Quietly, the PGA Tour has recently changed their substance abuse policy, adding blood tests to help weed out duffers using steroids or human growth hormone to bulk up and moving the threshold of a cannabis infraction from 15 nanograms of THC per liter of blood to 150, a 10x increase in accepted THC levels.

In an anonymous article for Golf Digest, one 420-friendly pro says that marijuana use is par for the course on tour, claiming that weed is both readily accepted, and acknowledged as similar to alcohol in its performance impeding effects. Still, on days when he is already out of the running for a tournament’s top spot, but still under obligation to fulfill his professional responsibilities, the unnamed pro says he’ll hit the green before hitting the green as a way to “treat myself to making the day a little more fun, or at least different.” Adding, “I've smoked beforehand with the other players in my group, too.”
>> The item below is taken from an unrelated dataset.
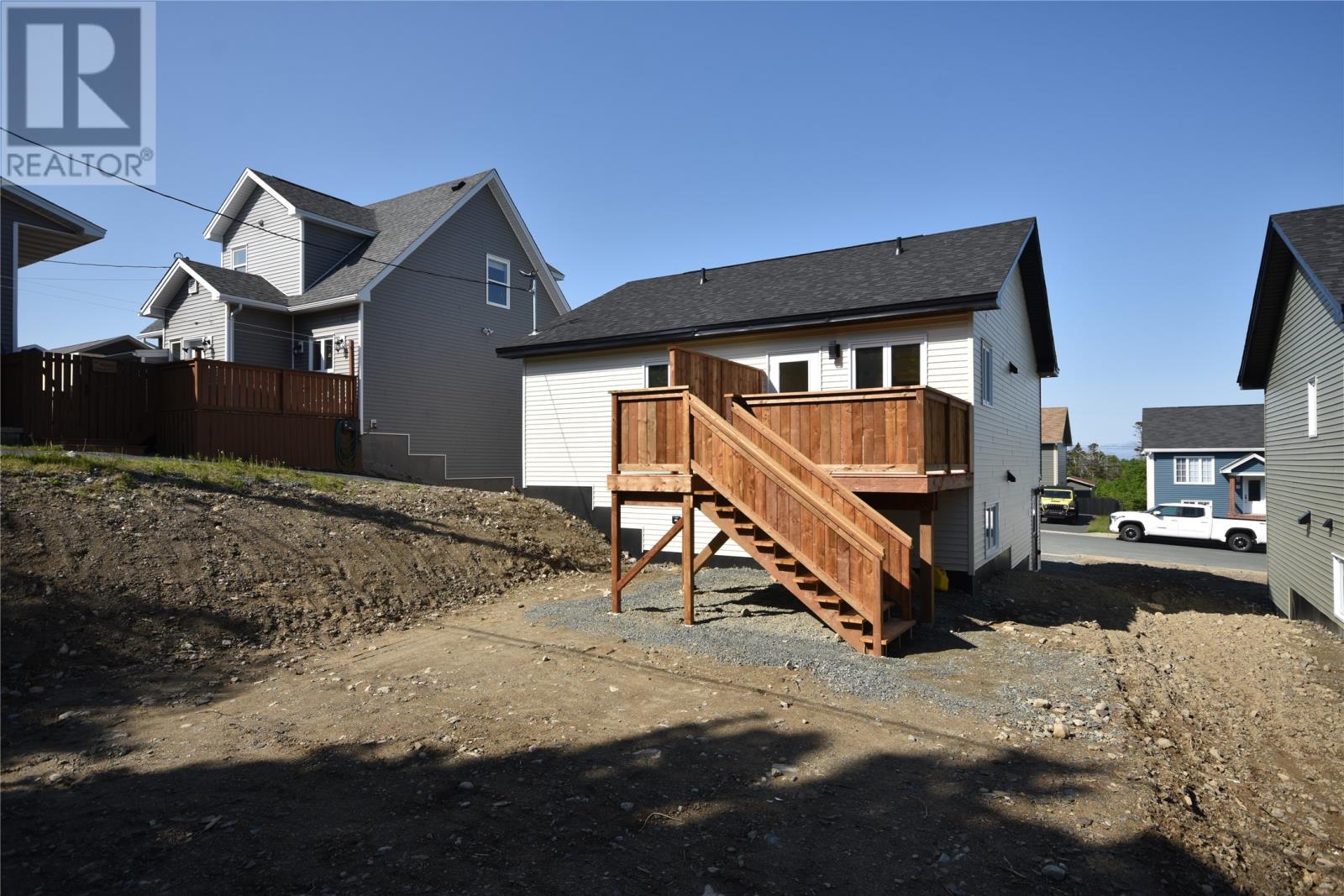 Lot 8 Erica (Phase 3) Avenue, Conception Bay South, Newfoundland & Labrador  A1X 0H2 - Photo 4 - 1286384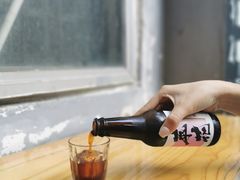 -无牌咖啡&酒馆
Even under the previously stricter tour testing regulations, the article’s author says that a failed test once landed him a trip to Charlotte for a one hour session with a PGA-approved counselor, three more sessions with a local psychologist, and nothing more.

“I was honest but had the impression he couldn't have cared less about my answers. We were just going through the motions, establishing a paper trail that the matter had been addressed,” the incognito pro wrote.
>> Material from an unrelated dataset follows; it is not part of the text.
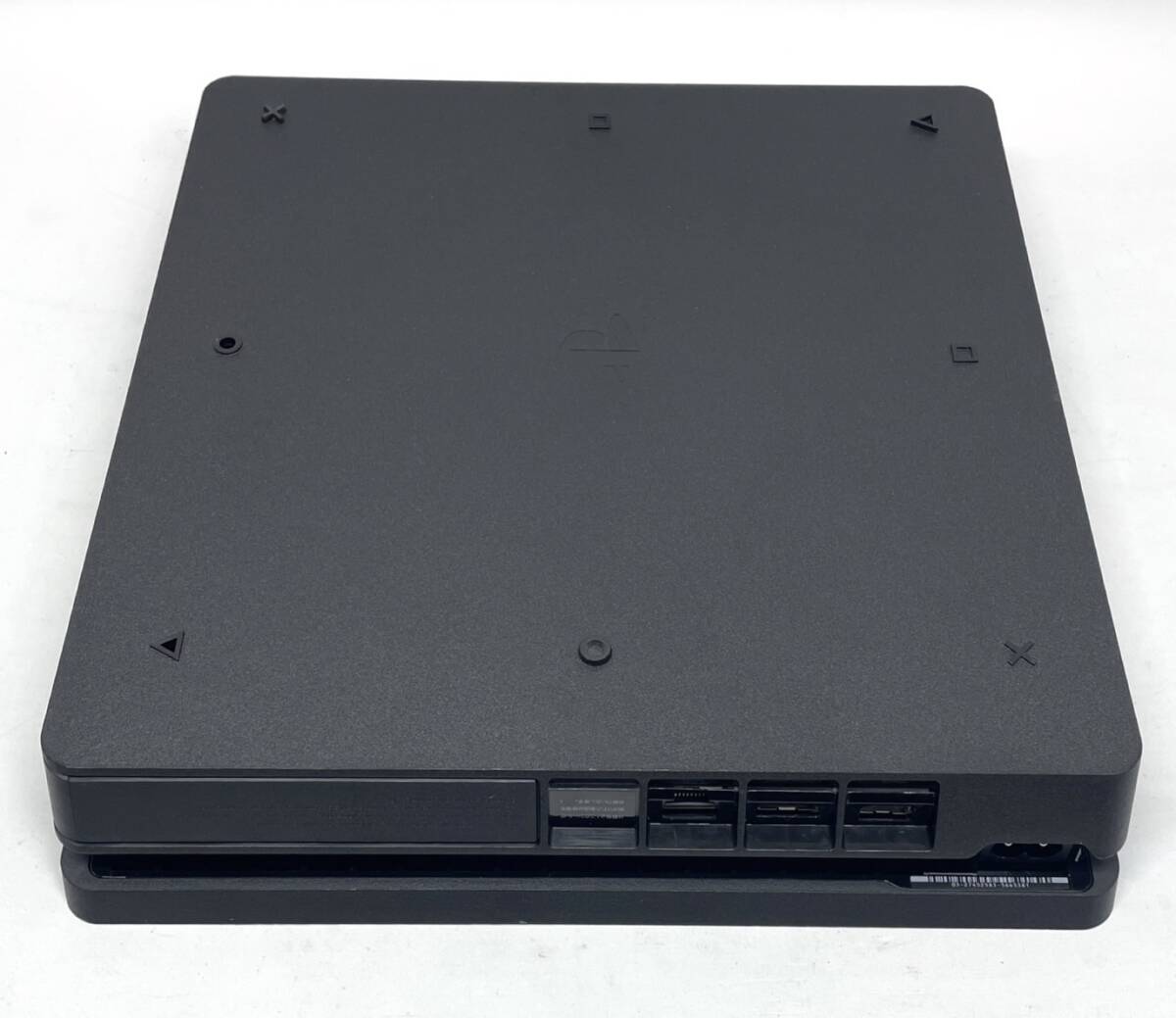 K068【FW12.00】【送料無料】1円スタート 動作品 初期化済 封印 K068【FW12.00】【送料無料】1円スタート 動作品 初期化済 封印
In addition to his own half-hearted counseling session, the author says he knows a handful of other pros who have experienced the exact same slap on the wrist.
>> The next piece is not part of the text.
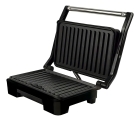Grill Mallory Inox Asteria Compact Cor Preto E Inox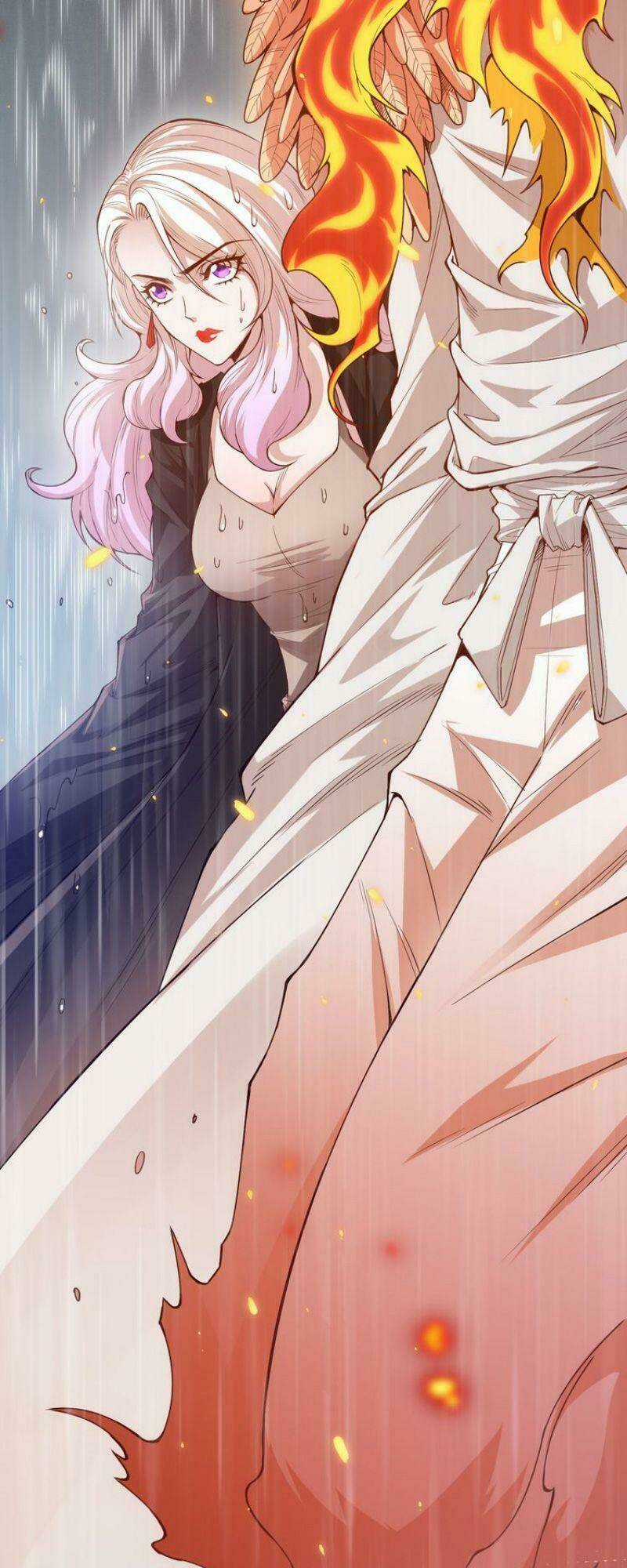 Giản Giới Chapter 101 trang 58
As for the new PGA drug testing policy, the anonymous golfer has already checked with a doctor and estimates that, if he keeps thoroughly hydrated, he’ll be able to smoke 12 days out of the month without passing the 150 nanogram limit, and he plans to do just that.

It’s not quite a full league sanction, but the NFL, NBA and MLB could certainly stand to learn a few things about substance abuse policy reform from their peers in polos and khakis.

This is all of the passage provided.